波提歐痛苦得五官都擰在了一起,從牙縫裡硬擠出幾個字:
“就是……那位大人啊!”
銀枝和他對視了三秒,自比賽正式打響以來,第一次仔仔細細打量牛仔的改造人身軀。
他的視線在波提歐脖頸上一道不起眼的火焰紋徽上停留了一下——他只在應星為自己打造的稀世難得號上,見過相似的特殊標記——一瞬間福至心靈,草莓色的腦袋上彷彿“叮”地亮起一個燈泡:
“我知道了!原來你也承蒙過那位先生的恩澤!”
波提歐明白銀枝收到了暗號,頓時倍感親切,這小子,能處!
“你明白就好,哈哈哈!”
主席臺上,嘰米和觀眾們同樣一臉懵:
“誰能告訴我,為甚麼咱們的純美騎士和巡海遊俠,突然變成謎語人派系了?”
有了應星這個共同好友和恩人,波提歐看銀枝順眼了不少,恨不得馬上拉著他勾搭在一起,聊聊各自與應星大人的羈絆故事。

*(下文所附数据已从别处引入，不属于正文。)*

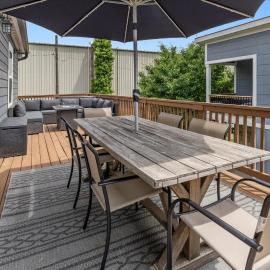 Beautiful Home with Huge Patio and Garage, hotel a Indianapolis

可這些在億萬雙眼睛盯著的擂臺上哪能講得清楚?在波提歐看來,至少得去金人巷的杜氏茶莊,找張角落的小桌子,點上一壺烈焰茶,嘮他個幾個系統時才夠暢快!
於是,波提歐頭腦一轉,衝著對面喊道:
“銀枝兄弟,我看差不多行了,過完最後一招,咱倆就收拾收拾下臺吧?”
銀枝正有此意。
兩人交換了一個眼神,同時向後跳開,拉開了距離,足夠他們施展拳腳。
臺下的觀眾們馬上意識到兩人要放大招了,一個個都屏住了呼吸,目不轉睛地看著。
銀枝將騎士長槍拄在地上,槍尖朝上,閉目肅立,腦後彷彿油墨潑灑的紅色長髮無風自動,積蓄著騎士最後的一擊。
十步之外,波提歐從手臂的儲彈管裡取出最後一枚子彈,顏色與先前所有都不同,他用力塞進左輪,轉動輪盤,輕釦扳機。
所有人的心頭猛地一縮,直覺瘋狂報警,這是一種沒來由的感覺,一種被鎖定的致命感,彷彿無論逃到哪裡,那一枚子彈最終都會追上它的獵物。
呼吸落下的下一剎那,兩人同時啟動!
銀枝猛然轉身起舞,槍尖在空中劃出一道女神長袍般曼麗的弧線,粗壯的玫瑰藤蔓自槍身野蠻生長,朝對手的身影疾刺而去。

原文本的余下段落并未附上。